Emballement thermique
Les incendies de voitures dotées de batteries électriques ne sont a priori pas plus fréquents ou dangereux que ceux de voitures à essence, assure l’Association américaine de protection contre les incendies (NFPA).
Ils nécessitent en revanche des procédures particulières, selon l’organisation qui propose depuis 2010 des formations spécifiques.
Il faut en général beaucoup plus d’eau pour les éteindre et il est aussi fréquent que des batteries prennent à nouveau feu plusieurs heures, voire plusieurs jours, après l’incident initial, à cause d’un phénomène dit “d’emballement thermique” qui peut se produire dans les batteries lithium-ion endommagées.
A bord d’un bateau, cet “emballement thermique” est “quasiment inévitable à moins que l’équipage n’intervienne immédiatement pour contrôler le feu”, prévenait l’assureur Allianz dans une note d’août 2022.

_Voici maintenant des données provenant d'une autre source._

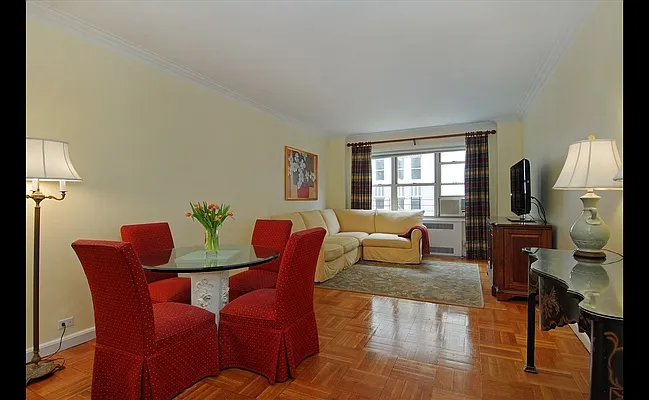 Sold by Douglas Elliman | media 10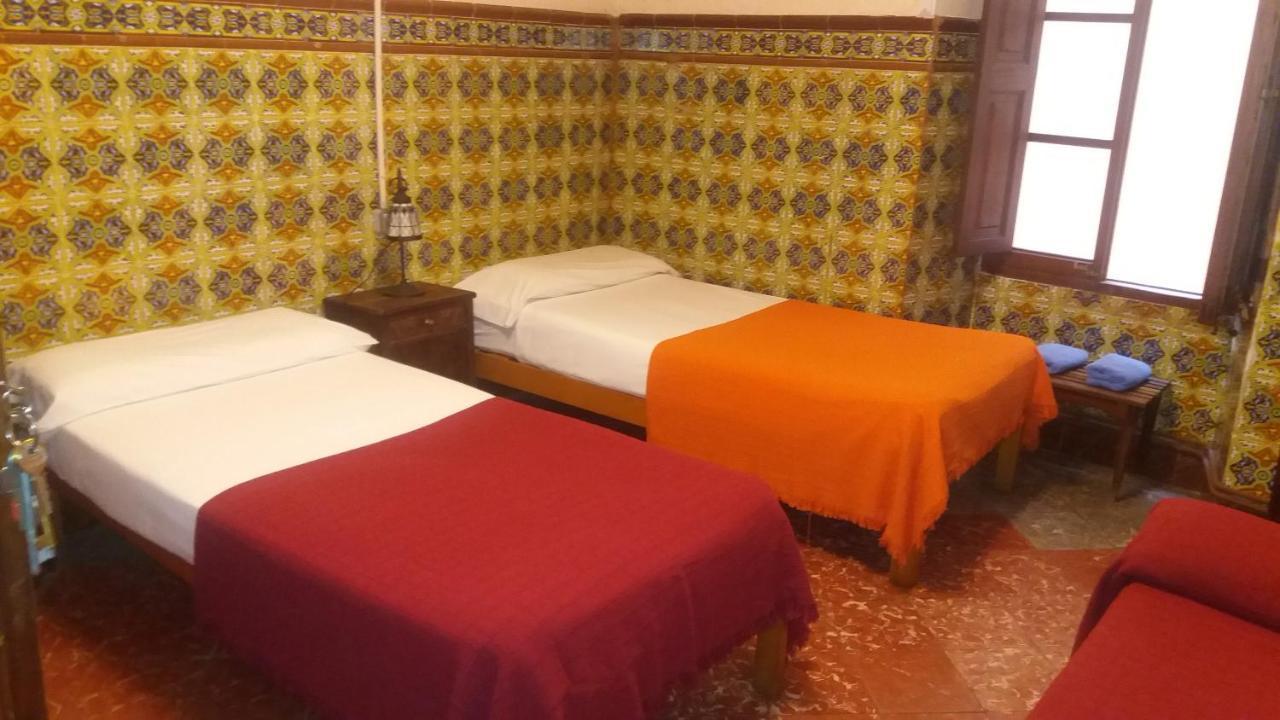 Hostal Corona Palma de Mallorca Exterior photo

“Malheureusement, cette intervention est rarement possible, faute d’une détection assez précoce, d’un manque d’équipage, et de capacités suffisantes à bord pour lutter contre le feu”. D’autant plus que les voitures sont mélangées et serrées par milliers sur les ponts du bateau, quasiment pare-chocs contre pare-chocs.
L’Agence européenne de sécurité maritime (EMSA) a recommandé en 2022 d’entraîner les marins et d’identifier les voitures par carburant, avec des autocollants par exemples, pour les repérer au plus vite dans les cales en cas d’incident.
L’EMSA recommande surtout de charger les batteries des véhicules électriques entre 20 et 50% seulement de leur capacité: au-delà, le risque d’incendie augmente.
Selon Allianz, des armateurs étudient la possibilité de poser des couvertures ignifuges sur les voitures électriques.
Le transporteur norvégien Höegh Autoliners s’adapte de son côté au passage de son pays à 100% de voitures électriques en 2025: son prochain navire, l’Aurora, prévoit davantage de sécurité, mais aussi des rampes et des ponts renforcés pour accueillir les voitures à batterie, bien plus lourdes que leurs cousines à essence.